Nils Solstad

Personal information
- Full name: Nils Arne Solstad
- Date of birth: 27 July 1963 (age 63)
- Height: 1.82 m (6 ft 0 in)
- Position: Defender

Youth career
- Fløya

Senior career*
- Years: Team / Apps / (Gls)
- 1980: Fløya / 1 / (0)
- 1981–1993: Tromsø
- 1997: Porsanger

Managerial career
- 1997: Porsanger
- 1999–2000: Tromsø (assistant, junior)
- 2000: Skarp
- 2002: Skarp
- Tromsø (scout)

= Nils Solstad =

Norwegian footballer (born 1963)

Nils Solstad (born 27 July 1963) is a retired Norwegian football defender.

Hailing from Mortensnes in Tromsø, Solstad played youth football for IF Fløya and got one senior match before moving to Tromsø IL in 1981. He made his debut in 1982 and became a stalwart until his retirement after the 1993 season. He helped win the 1986 Norwegian Football Cup.

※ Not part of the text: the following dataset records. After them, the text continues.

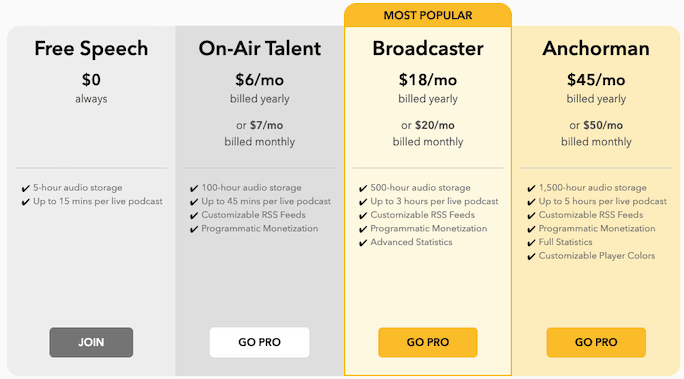 Spreaker pricing comparison table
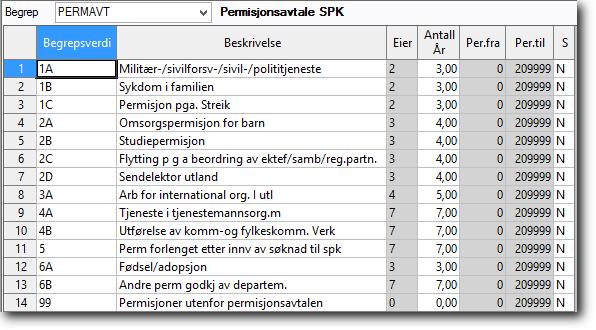 Trinn 2 Opprett begrepsverdier for begrepet PERMAVT og legg inn antall år medregning på de ulike avtalene i kolonnen Antall år.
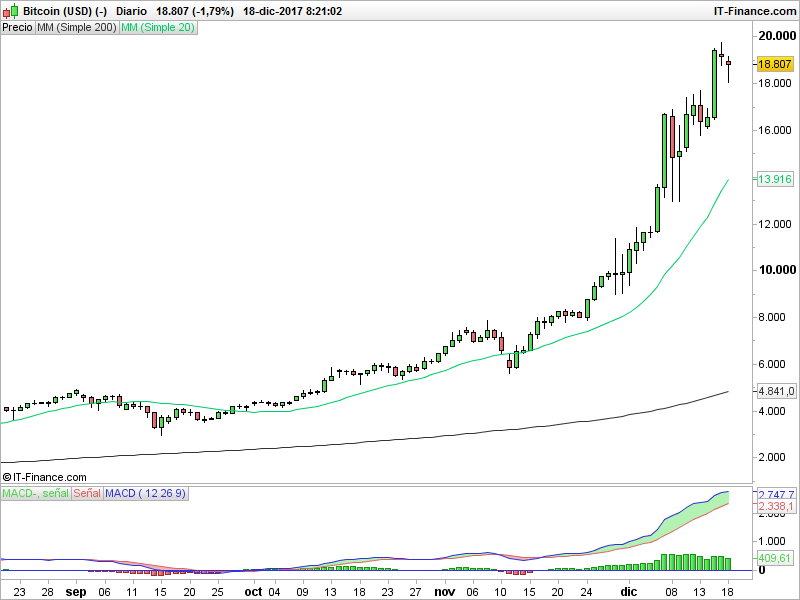 Trading de Asia, reforma fiscal de EEUU y llegada de los futuros de Bitcoin
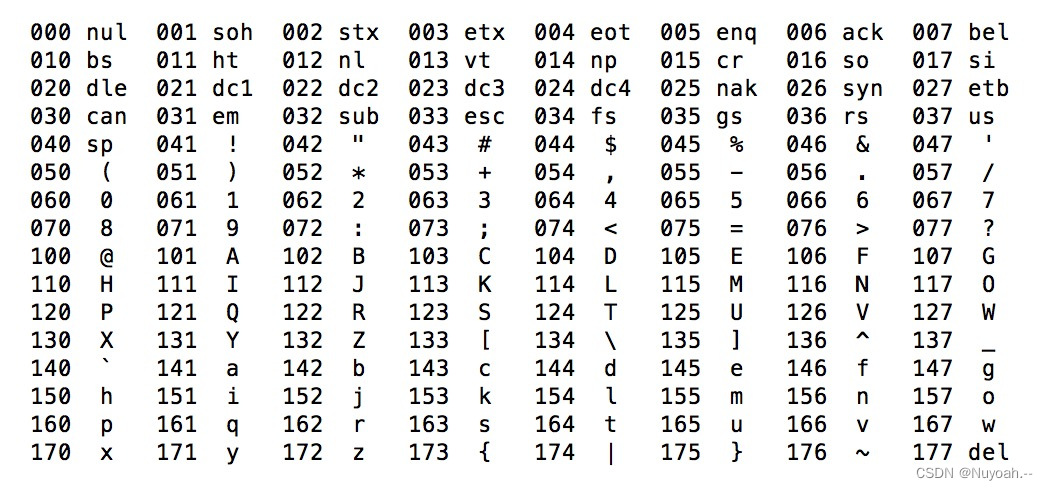 一、第一行代码,数据存储,数据类型和变量插图9 在这里插入图片描述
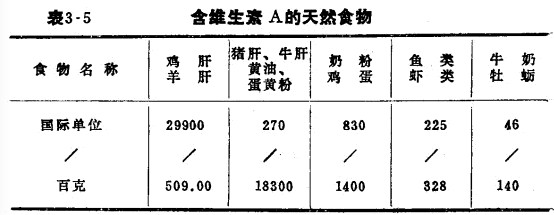 我国居民饮食结构中维生素a明显不足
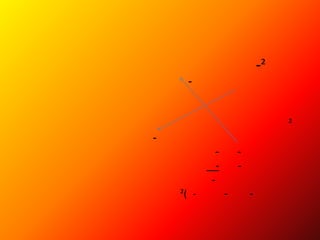 -²
-

²

-

²) -

-

-

-

 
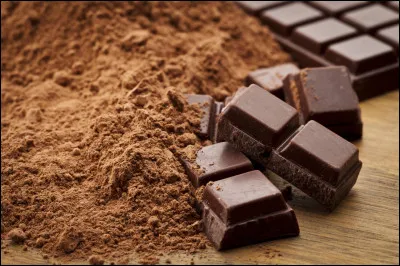 Comment dit-on "Je peux avoir du chocolat" ?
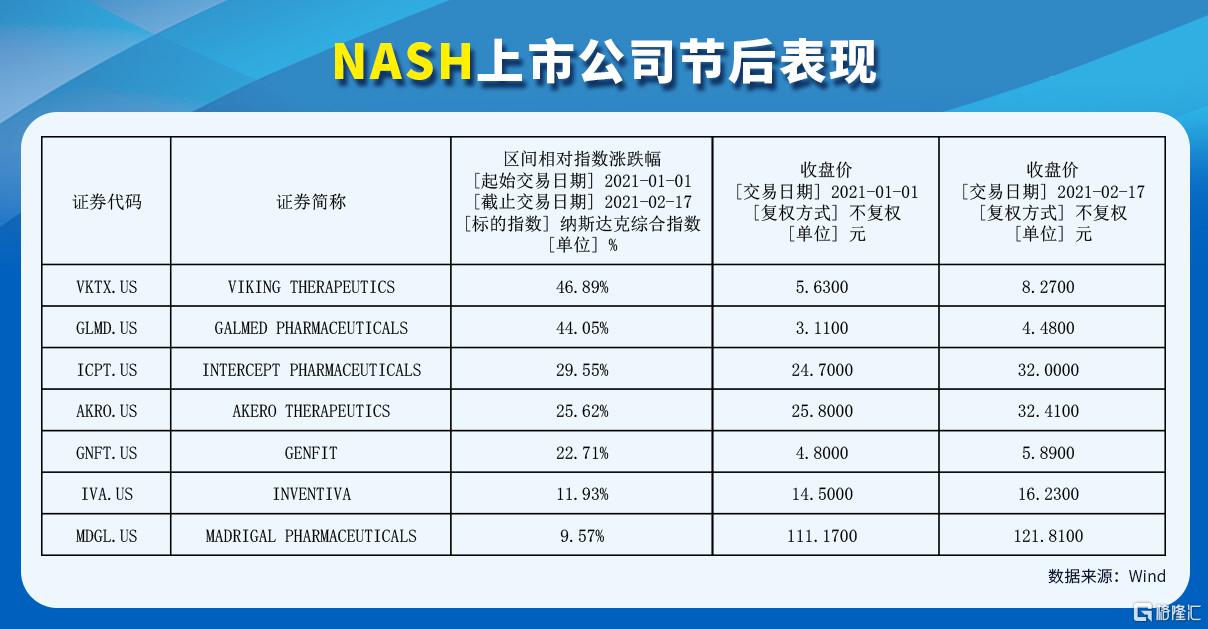 Biotech上市第一股厚积薄发:如何看待歌礼制药-B首个交易日大涨?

In 1997 he was player-manager of Porsanger IL. He later coached Tromsø IL's junior team and IF Skarp in two terms, first in the latter half of 2000 together with Trond Johansen, then in 2002 until he resigned in August that year. He returned to Tromsø IL and their scouting program Barents Fotball Academy.